_What to do_
Taking the data below, please print only the lines from the line holding "business icons on" to the line holding "A Loving Message", inclusive, with pictures omitted.

_Provided data_

= Beginning of Section =

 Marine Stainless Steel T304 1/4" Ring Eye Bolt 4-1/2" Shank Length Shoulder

= End of Section =
= Beginning of Section =

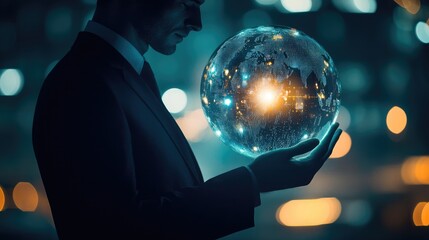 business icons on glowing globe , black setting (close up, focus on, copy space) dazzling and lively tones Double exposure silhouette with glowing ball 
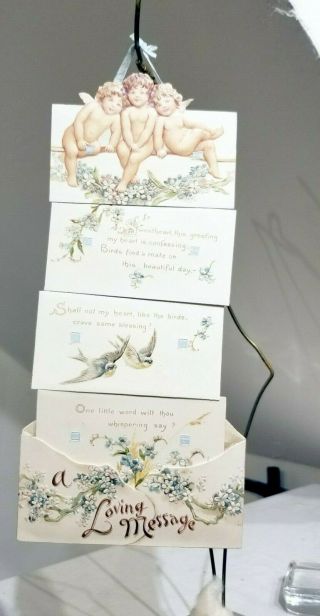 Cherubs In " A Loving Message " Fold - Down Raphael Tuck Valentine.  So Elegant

= End of Section =

_Exercise output_
 business icons on glowing globe , black setting (close up, focus on, copy space) dazzling and lively tones Double exposure silhouette with glowing ball 
 Cherubs In " A Loving Message " Fold - Down Raphael Tuck Valentine.  So Elegant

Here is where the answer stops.